By R&D Editors | July 19, 2010

Planet Hunting: Finding Earth-like Planets 

The University Observatory Jena with its 90-cm telescope in Grossschwabhausen near Jena, where three of the six new transits of WASP-3b were observed
The University Observatory Jena with its 90-cm telescope in Grossschwabhausen near Jena, where three of the six new transits of WASP-3b were observed

A team of astronomers from Germany, Bulgaria and Poland has used a completely new technique to find an exotic extrasolar planet. The same approach is sensitive enough to find planets as small as the Earth in orbit around other stars. The group used transit timing variation (TTV) to detect a planet with 15 times the mass of the Earth in the system WASP-3, 700 light years from the Sun in the constellation of Lyra.

TTV was suggested as a new technique for discovering planets a few years ago. Transits take place where a planet moves in front of the star it orbits, temporarily blocking some of the light from the star. So far, this method has been used to detect a number of planets and is being deployed by the Kepler and Corot space missions in its search for planets similar to the Earth.

If a (typically large) planet is found, then the gravity of additional smaller planets will tug on the larger object, causing deviations in the regular cycle of transits. The TTV technique compares the deviations with predictions made by extensive computer-based calculations, allowing astronomers to deduce the makeup of the planetary system.
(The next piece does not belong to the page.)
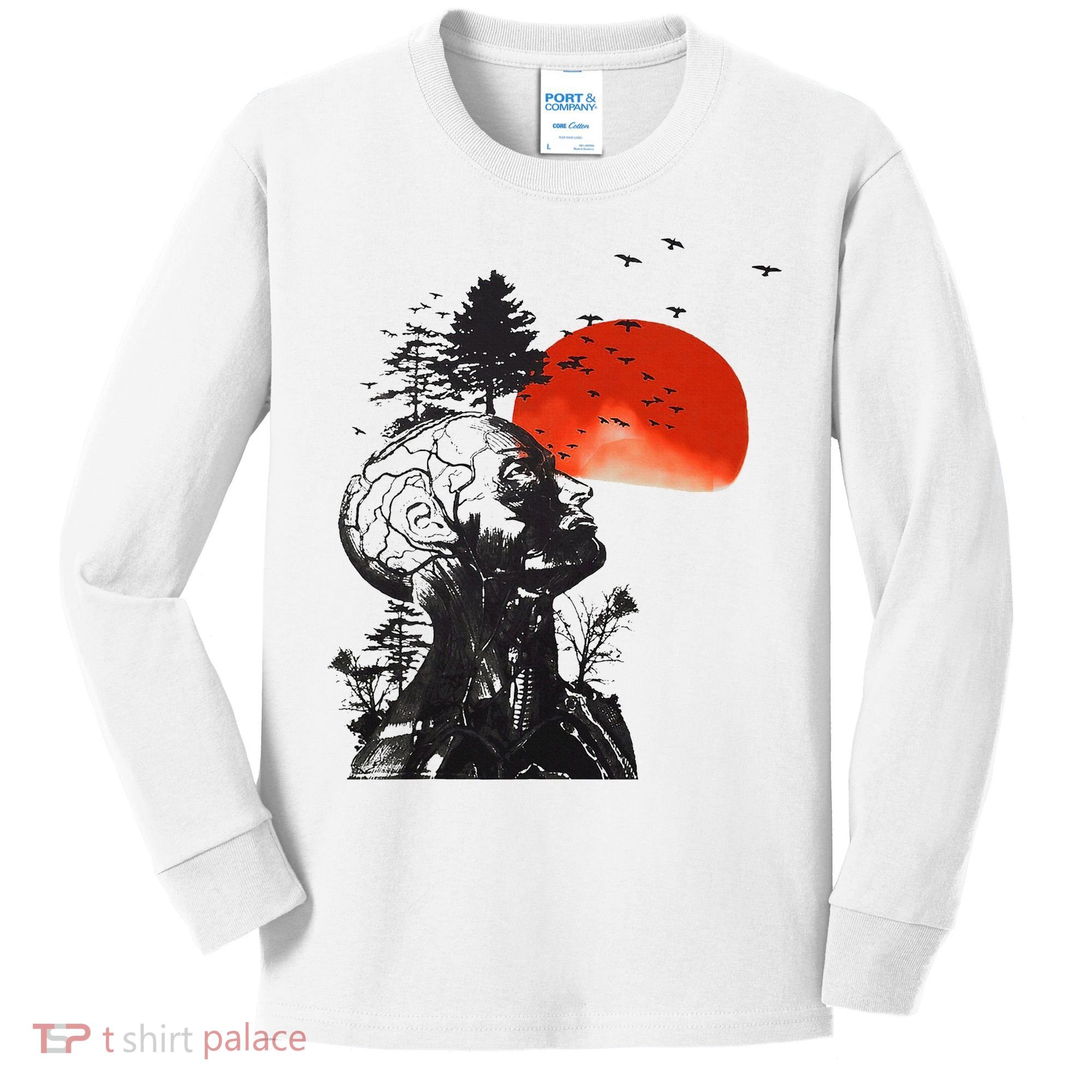 Hangover Human Tree Kids Long Sleeve Shirt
Led by post-doc Gracjan Maciejewski of Jena University in Germany, the research is based on the collaborative effort of scientists at the Astrophysical Institute of the Friedrich Schiller University in Jena, Germany, the Institute of Astronomy of the Bulgarian Academy of Sciences in Sofia, Bulgaria, and the Torun Centre for Astronomy of the Nicolaus Copernicus University in Torun, Poland.

For this search, the team used the 90-cm telescopes of the University Observatory Jena and the 60-cm telescope of the Rohzen National Astronomical Observatory in Bulgaria to study transits of WASP-3b, a large planet with 630 times the mass of the Earth.
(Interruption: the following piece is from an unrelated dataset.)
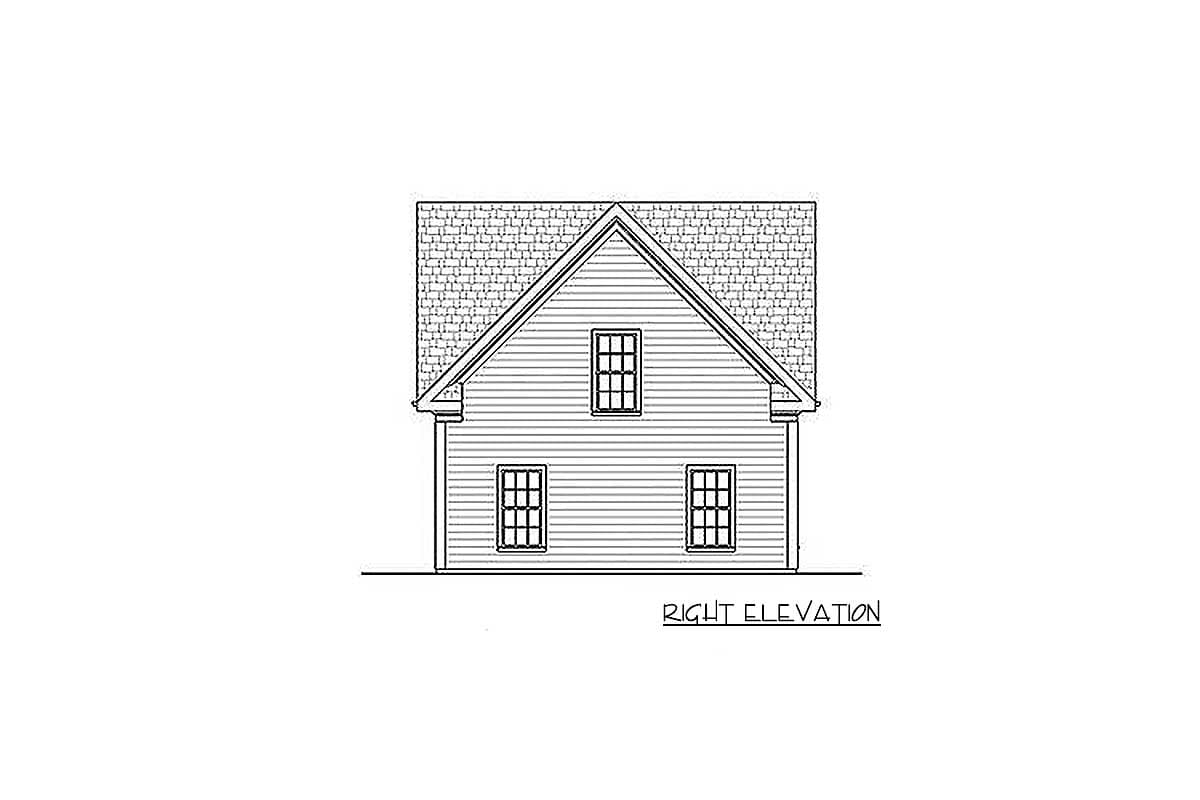 Plan 20041GA: 3-Car Studio Apartment Floor Plan - 858 Sq Ft Garage and 750 Sq Ft Apartment - Image #5 - Carriage, Country, Farmhouse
“We detected periodic variations in the transit timing of WASP-3b.  These variations can be explained by an additional planet in the system, with a mass of 15 Earth-mass (i.e. one Uranus mass) and a period of 3.75 days”, said Maciejewski. “In line with international rules, we called this new planet WASP-3c.”
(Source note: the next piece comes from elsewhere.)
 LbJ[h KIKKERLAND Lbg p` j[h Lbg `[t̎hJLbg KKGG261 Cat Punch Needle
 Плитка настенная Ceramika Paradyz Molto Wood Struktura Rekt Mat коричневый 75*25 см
This newly discovered planet is among the least massive planets known to date and also the least massive planet known orbiting a star which is more massive than our Sun.

This is the first time that a new extra-solar planet has been discovered using this method. The new TTV approach is an indirect detection technique, like the previously successful transit method.

The discovery of the second, 15 Earth-mass planet makes the WASP-3 system very intriguing. The new planet appears to be trapped in an external orbit, twice as long as the orbit of the more massive planet. Such a configuration is probably a result of the early evolution of the system.

The TTV method is very attractive, because it is particularly sensitive to small perturbing planets, even down to the mass of the Earth. For example, an Earth-mass planet will pull on a typical gas giant planet orbiting close to its star and cause deviations in the timing of the larger objects’ transits of up to one minute.

This is a big enough effect to be detected with relatively small one-meter diameter telescopes, and discoveries can be followed up with larger instruments. The team is now using the 10-meter Hobby-Eberly Telescope in Texas to study WASP-3c in more detail.

Citation: “Transit timing variation in exoplanet WASP-3b,” Maciejewski G., Dimitrov D., Neuhäuser R., Niedzielski A., Raetz St., Ginski Ch., Adam Ch., Marka C., Moulla M., Mugrauer M., Monthly Notices of the Royal Astronomical Society, in press.